I know how to solve the proff $\operatorname{ord}(a)=m$, $\operatorname{ord} (b) = n$, and $(m,n)=1$, then $\operatorname{ord} (ab) = mn$ which I think you can use here. 
How would you solve this example though? My TA did not do anything like this yet besides proofs. 
Can someone please show me how to solve this one example so I can see how to do it? 
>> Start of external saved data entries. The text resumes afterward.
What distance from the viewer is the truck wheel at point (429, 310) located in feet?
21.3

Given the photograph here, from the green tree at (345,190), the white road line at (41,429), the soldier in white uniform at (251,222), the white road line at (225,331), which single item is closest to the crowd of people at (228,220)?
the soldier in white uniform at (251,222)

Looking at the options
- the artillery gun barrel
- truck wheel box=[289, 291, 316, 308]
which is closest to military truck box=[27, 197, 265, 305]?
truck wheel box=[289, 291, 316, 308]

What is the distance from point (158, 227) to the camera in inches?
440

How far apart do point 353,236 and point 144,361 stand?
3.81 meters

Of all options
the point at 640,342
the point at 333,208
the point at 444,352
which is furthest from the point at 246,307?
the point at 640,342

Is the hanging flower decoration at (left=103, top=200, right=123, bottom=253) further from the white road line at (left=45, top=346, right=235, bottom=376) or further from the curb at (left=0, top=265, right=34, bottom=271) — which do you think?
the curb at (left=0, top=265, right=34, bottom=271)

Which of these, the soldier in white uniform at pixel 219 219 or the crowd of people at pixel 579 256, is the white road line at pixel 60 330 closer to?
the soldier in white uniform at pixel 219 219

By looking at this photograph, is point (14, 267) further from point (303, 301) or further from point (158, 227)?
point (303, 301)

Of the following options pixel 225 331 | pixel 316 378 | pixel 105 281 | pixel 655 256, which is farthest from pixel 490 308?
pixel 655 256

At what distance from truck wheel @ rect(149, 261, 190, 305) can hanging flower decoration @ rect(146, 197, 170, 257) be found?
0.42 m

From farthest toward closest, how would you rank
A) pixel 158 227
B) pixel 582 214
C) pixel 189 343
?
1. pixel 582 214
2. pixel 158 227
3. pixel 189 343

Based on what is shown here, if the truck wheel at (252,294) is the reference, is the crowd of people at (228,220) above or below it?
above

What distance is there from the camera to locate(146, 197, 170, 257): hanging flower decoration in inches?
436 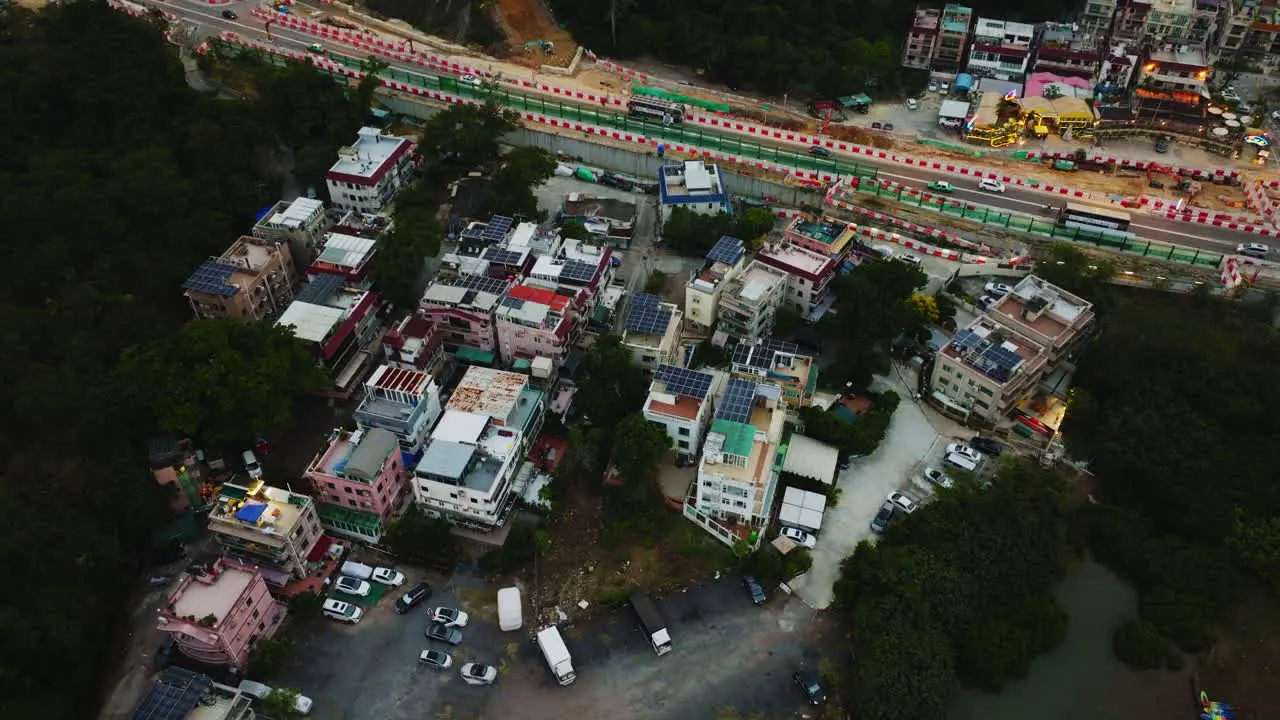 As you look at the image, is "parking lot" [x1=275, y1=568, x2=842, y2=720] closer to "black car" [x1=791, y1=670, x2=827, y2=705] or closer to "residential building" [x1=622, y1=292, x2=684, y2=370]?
"black car" [x1=791, y1=670, x2=827, y2=705]

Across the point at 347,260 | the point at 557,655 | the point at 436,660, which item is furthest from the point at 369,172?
the point at 557,655

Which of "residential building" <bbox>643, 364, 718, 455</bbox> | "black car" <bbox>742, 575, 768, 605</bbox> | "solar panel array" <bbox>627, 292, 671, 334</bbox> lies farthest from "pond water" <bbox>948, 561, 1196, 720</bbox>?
"solar panel array" <bbox>627, 292, 671, 334</bbox>

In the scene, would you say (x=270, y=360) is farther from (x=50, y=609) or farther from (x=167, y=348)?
(x=50, y=609)

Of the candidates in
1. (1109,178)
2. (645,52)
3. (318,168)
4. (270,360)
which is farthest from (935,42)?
(270,360)

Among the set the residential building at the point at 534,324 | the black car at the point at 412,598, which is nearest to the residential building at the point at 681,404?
the residential building at the point at 534,324

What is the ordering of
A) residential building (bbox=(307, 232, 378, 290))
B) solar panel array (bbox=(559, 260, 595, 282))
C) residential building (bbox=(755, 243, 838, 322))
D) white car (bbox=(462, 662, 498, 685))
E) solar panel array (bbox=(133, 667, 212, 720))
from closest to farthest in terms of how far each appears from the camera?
solar panel array (bbox=(133, 667, 212, 720)) → white car (bbox=(462, 662, 498, 685)) → solar panel array (bbox=(559, 260, 595, 282)) → residential building (bbox=(307, 232, 378, 290)) → residential building (bbox=(755, 243, 838, 322))

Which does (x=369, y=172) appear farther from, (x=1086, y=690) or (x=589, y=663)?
(x=1086, y=690)

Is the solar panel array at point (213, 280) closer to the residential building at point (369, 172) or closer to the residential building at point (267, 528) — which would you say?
the residential building at point (369, 172)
 A: Any group generated by one element, like the group generated by $g$: $\langle g \rangle = \{e, g, g^1 \cdots, g^{39}\}$, is cyclic. Since we are given the order of $g$ is $40$ that means that $g^{40} = e$.
Note that $a^5 = (g^8)^5 = g^{40} = e, \;\; b^8 = (g^5)^8 = g^{40} = e$. 
So what are the orders of $a, b$?
Now, noting  $ab = g^8 g^5 = g^{13}$, and $\gcd(13, 40) = 1$, what must be the order of $ab$ be? Alternatively, since the group generated by $g$ is cyclic, you can use your proposition. If $m$ is the order of $a$, and $n$ is the order of $b$, and if $\gcd(m, n) = 1,$ then the order of $ab = mn$.
A: Hint: The least $n \geq 1$ such that $a^n = e$ is called the order of $a\in G$. You have been given that the order of $g$ is $40$. Now you need to apply above mentioned definition for $g^8$ and $g^5$.
A: $40 = 8 \cdot 5$ so $g^8$ has order 5 and $g^5$ order 8.
In general if $x$ has order $n$ and $dk = n$ then $x^d$ has order $k$ because
$n$ is the smallest such that $x^n = 1$ or $x^{dk} = (x^d)^k = 1$ is smallest.